Short descriptive text snippets:
========================================
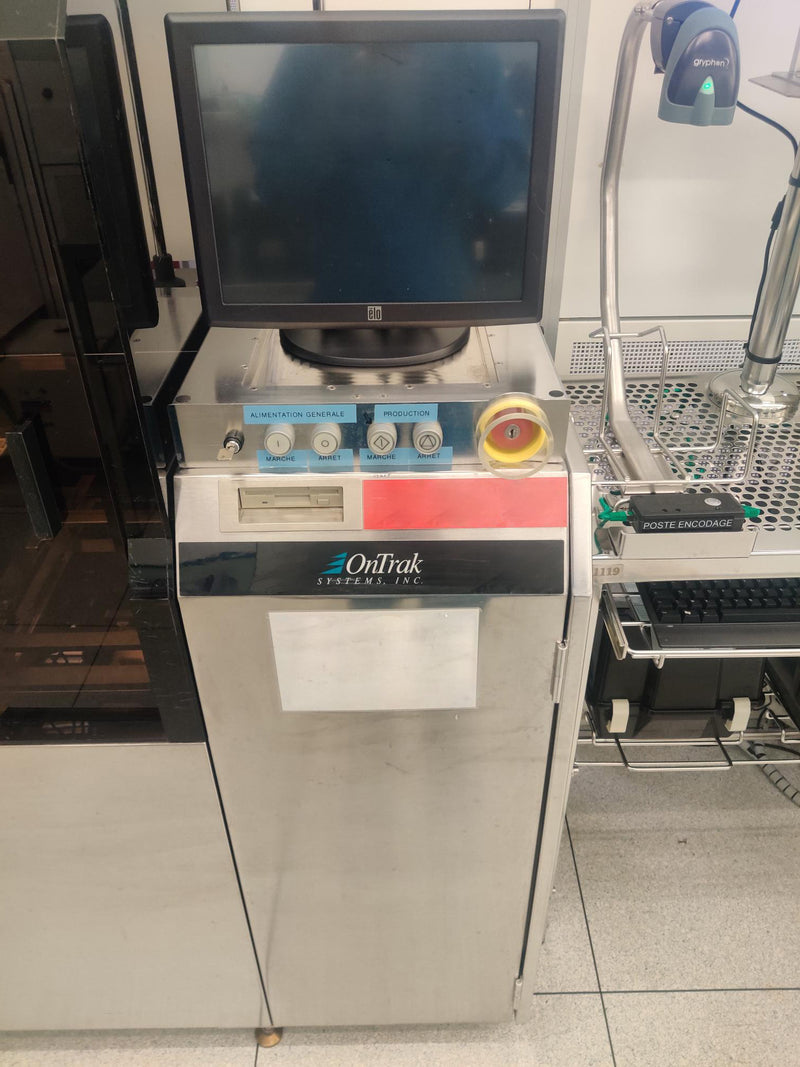 Ontrak DSS 200 Post CMP Scrubber (Chemical Mechanical Polisher)
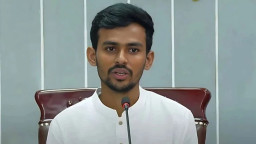 ফারুককে অপসারণের কারণ জানালেন উপদেষ্টা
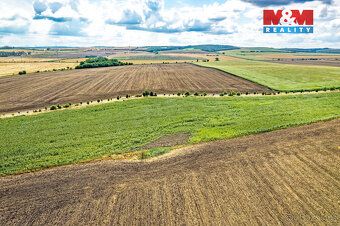 Approx. 2.5 km southeast of the small village of Žatčany near Brno, we offer for sale a plot…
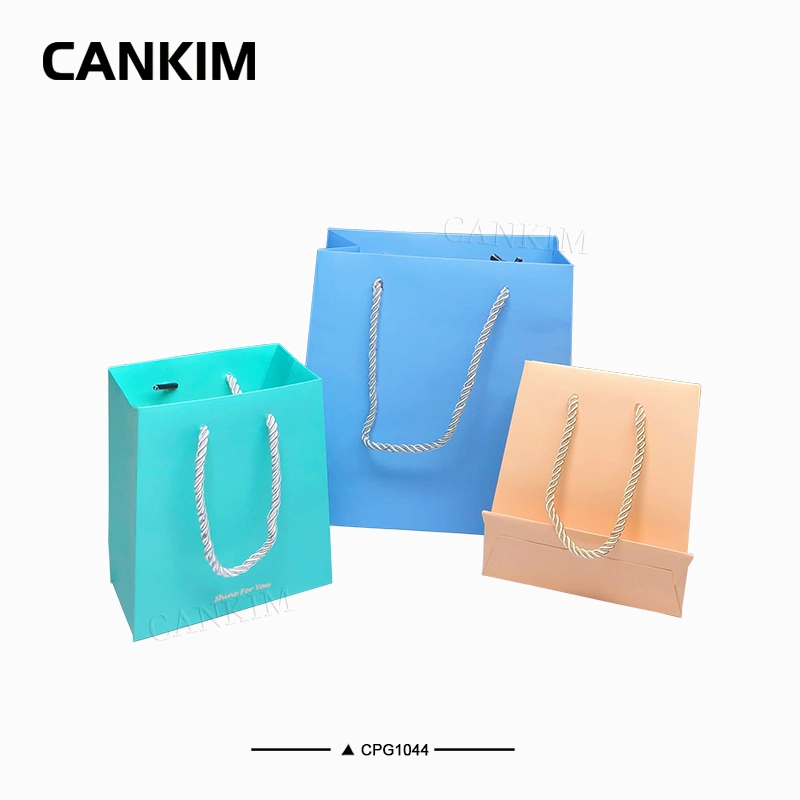 Cankim Papiertasche Einkaufstasche mit kostenlosem Logo-Druck Papier Tasche Verpackung Logo Shopping Geschenkpapierbeutel mit Griffen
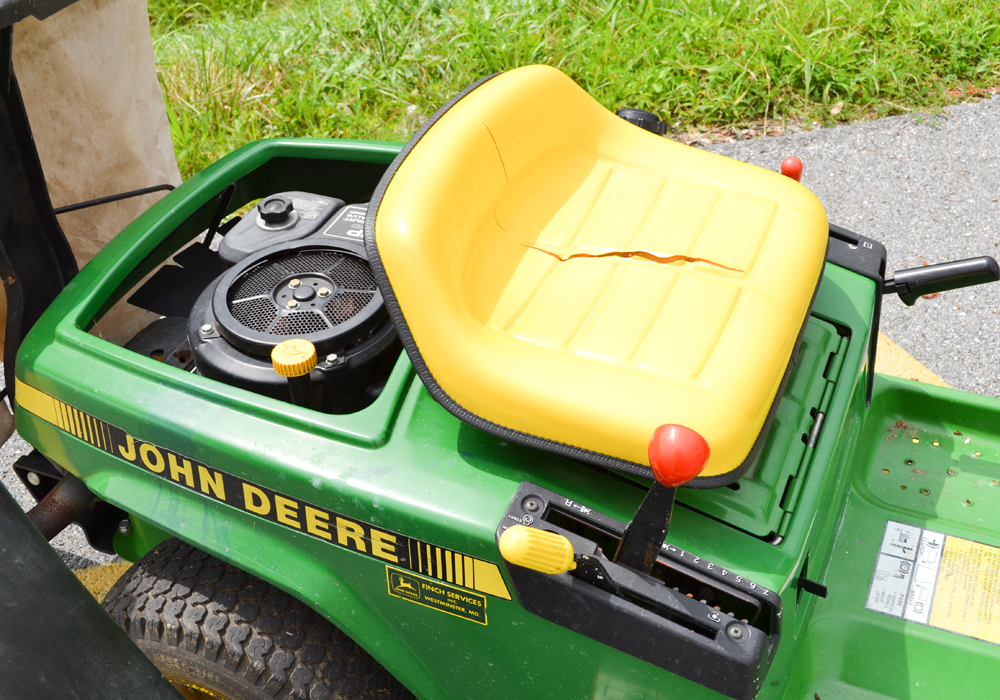 John Deere RX75 Riding Lawnmower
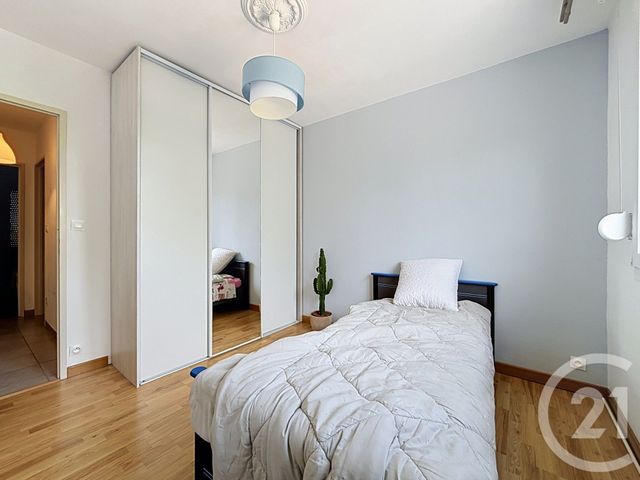 Appartement F5 &agrave; vendre - 5 pi&egrave;ces - 86,25 m2 - Lure - 70 - FRANCHE-COMTE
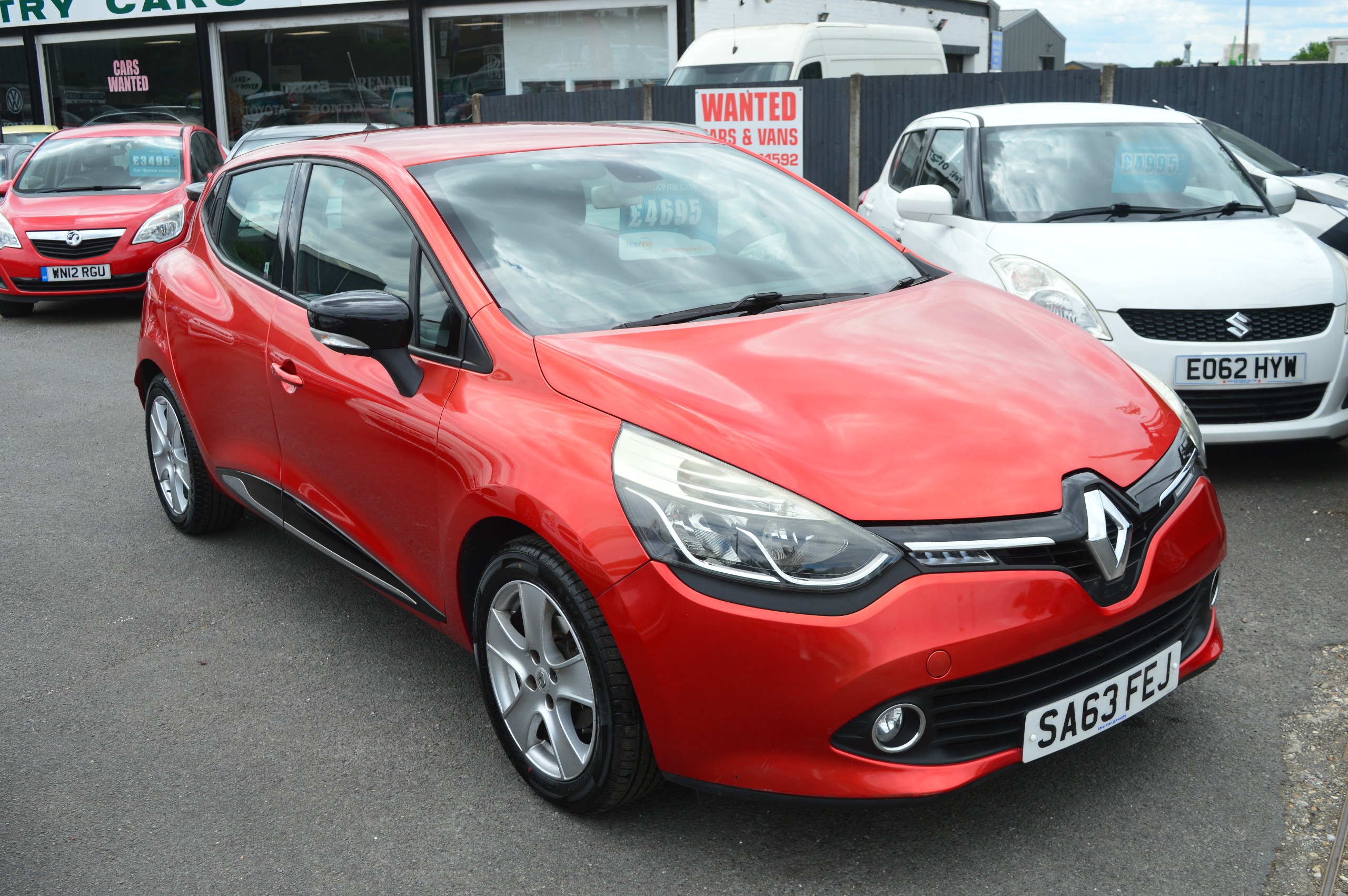 2013 RENAULT CLIO for sale
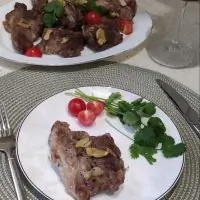 Свинина сочная с чесноком в пергаменте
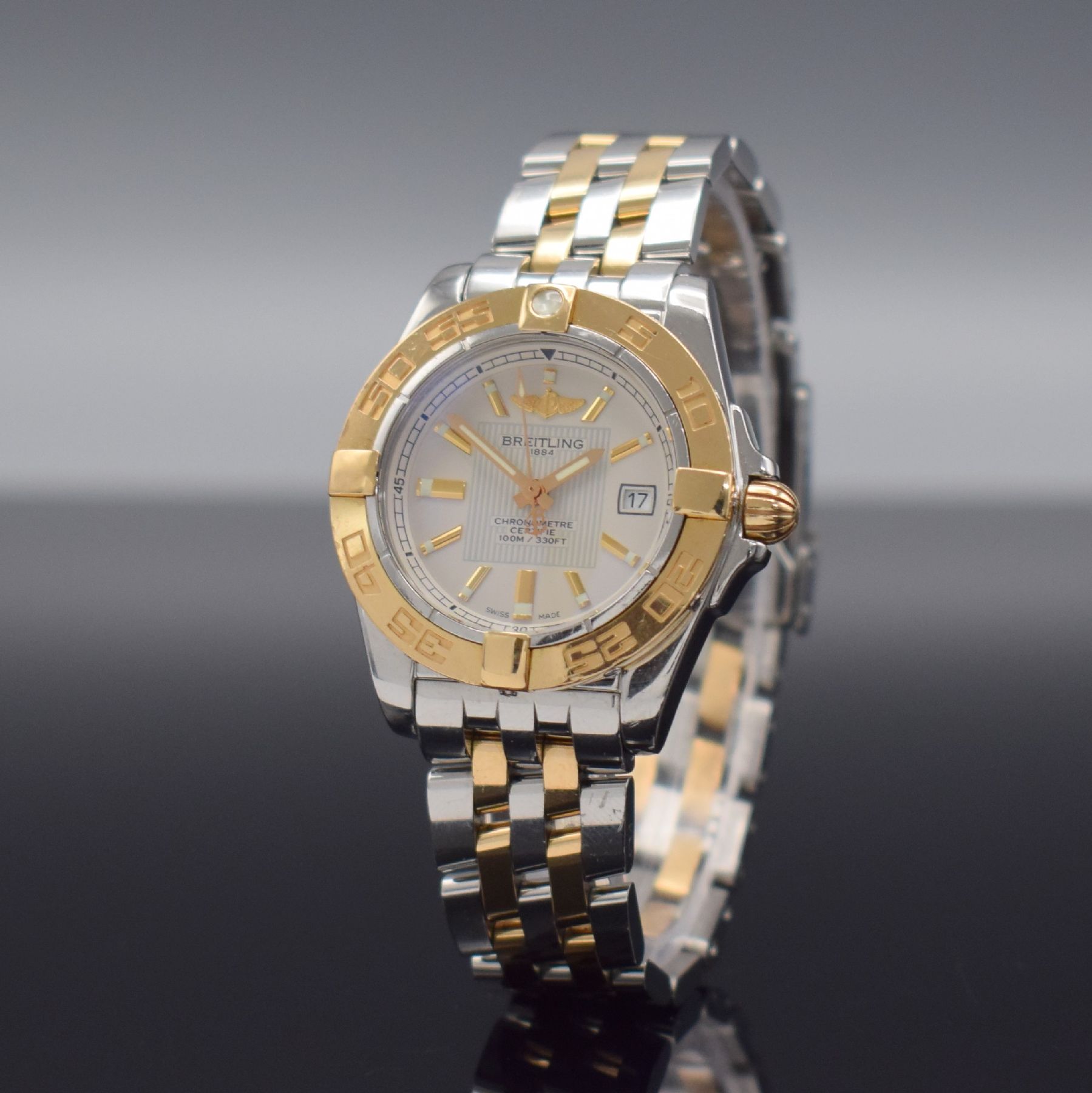 Detail b: BREITLING Galactic 32 Damenarmbanduhr, Schweiz um 2010, quarz, Ref. C71356, Edelstahl/Gold komb., massives Gehäuse, Boden geschr., eins. drehb. ...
========================================
*Directions*: The expected output is an exact copy of the lines from the top of the data above through the line containing "Approx. 2.5 km", both included, with every picture omitted.

*Result below*:
 Ontrak DSS 200 Post CMP Scrubber (Chemical Mechanical Polisher)
 ফারুককে অপসারণের কারণ জানালেন উপদেষ্টা
 Approx. 2.5 km southeast of the small village of Žatčany near Brno, we offer for sale a plot…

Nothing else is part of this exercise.